A couple of weeks ago I may have mentioned an large amount of stress brewing. I was asked to interview with Hotel CaliforniaSoft as a Program Manager. We were bidding on an enormous piece of work, and I'd be the Program Manager is we won it. Let me make one thing clear here...I am a Project Manager! I've never managed a Program of this size ... ever. We're talking millions of dollars over the next several years.

I was stressed to the max. I had an overwhelming feeling of doom should the interview not go so well.

As it turned out they loved me. Who knew I could be so charming? My interview, coupled with our excellent other team members work, won us this HUGE deal...which I now affectionately call it the Big Ass Deal (BAD). I'm now officially the Program Manager for a large chunk of change and the stress I thought I felt for the interview was nothing by comparison to what I feel now. Overwhelmed is a understatement.

Logically, I know I'm not alone in this. I have a fantastic team made up of some very talented and smart peeps. They are way smarter than me and have a ton more experience. I plan on tapping into that experience as much as possible.

Logically, I know I will most likely be fine. I'm a fighter. I'm think back to 4 years ago working at the Cat Shack in which I was deemed to "never be a PM" by them. All those old, lingering, thoughts of self doubt come trudging back with a vengeance. But still, I know that most likely I'll do fine.

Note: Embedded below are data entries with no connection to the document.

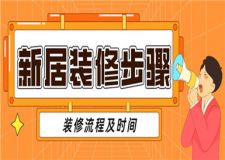 新居裝修步驟,新居裝修流程及時間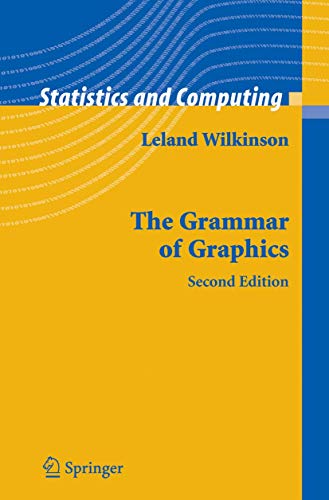 The Grammar of Graphics (Statistics and Computing) Cover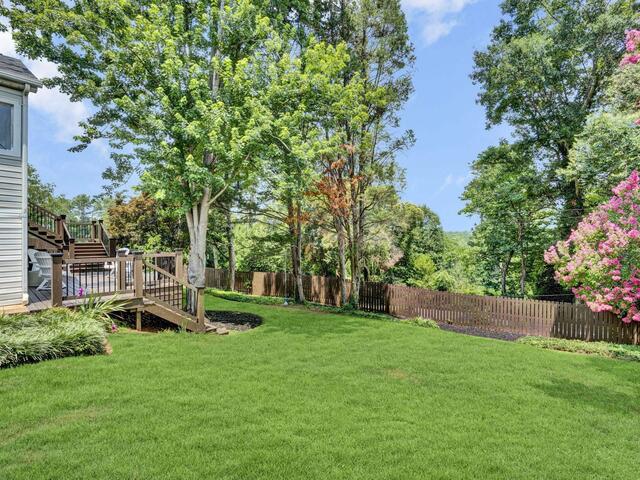 Photo of 420 Longview Terrace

Logically, I know I can do this. I know that I have the brain power and the stamina I'll need to get this massive BAD off the ground. It'll be ugly at times, and most likely blood will be shed. But I keep telling myself that the opportunity to shine is huge. I can be seen as a humongous success...and yet...I can also be seen as a huge failure with dire consequences.

Still, I have doubts.

I know there are two things I must do immediately in order to keep myself confident.

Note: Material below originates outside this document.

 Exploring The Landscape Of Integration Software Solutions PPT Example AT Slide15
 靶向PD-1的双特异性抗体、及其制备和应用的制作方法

1. I must stop saying outloud to others that I'll suck at this. I most certainly don't want anyone to see the fear I have of complete and utter failure. I most certainly don't want to taint the views of those in powerful positions and have them start to question their decision to give me this program (which probably only really came to me because I'm a US based PM ... ).

2. I must start saying I'm a winner. I can and will make this Program the best and most successful program ever. I have to remind myself that while there will be battles that I will win and lose, I will not lose the war.

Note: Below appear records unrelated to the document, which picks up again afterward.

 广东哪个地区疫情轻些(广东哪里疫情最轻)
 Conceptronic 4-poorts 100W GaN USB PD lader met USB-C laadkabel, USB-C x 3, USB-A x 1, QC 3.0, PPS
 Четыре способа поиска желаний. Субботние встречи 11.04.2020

Right, it sounds so easy in writing.

I have had moments of pure panic that washes over me. The enormity of this $9M hits me hard at times and I shudder and want to crawl into my bed and never come out. But, as it turns out I found the cure for panic attacks. Ice cream. Who knew?

I guess what I'm trying to say is I'm scared. I also think I most likely wouldn't be human if I wasn't. The responsibility lingering above me scares the poo right out of me. But the thought of being a complete success and having one thing to really sink my teeth into makes me feel all giggly and geeky inside.

On a more fun note. Say hello to Baby Newlywed/Stalemates. Jack came to us last Monday at a whoppin 9lbs 11oz and 20 inches long. I've not officially met Jack yet as the "Rents" are hording them all to themselves and trying desperately to get a grip on having a newborn...but I'm sure very soon I'll be seeing this little devil. So to the Newlyweds I say, congrats. He's a lovely boy!

3 comments:

Anonymous said...

Girl..........I know you will *Rock*! No doubts at all!! xoxo

Heather Bee said...

Jenn, you can do it! You have great people around you who will not let you fail and might even buy you a drink if you need one. Cute baby!

Al & Jo said...

WHAT IS THE MATTER WITH YOU? YOU CAN DO IT...REMEMBER THE 2 ANTS? NOW GET OUT THERE AND KICK SOME BUTT! (and chocolate peanut butter fudge ice cream helps!)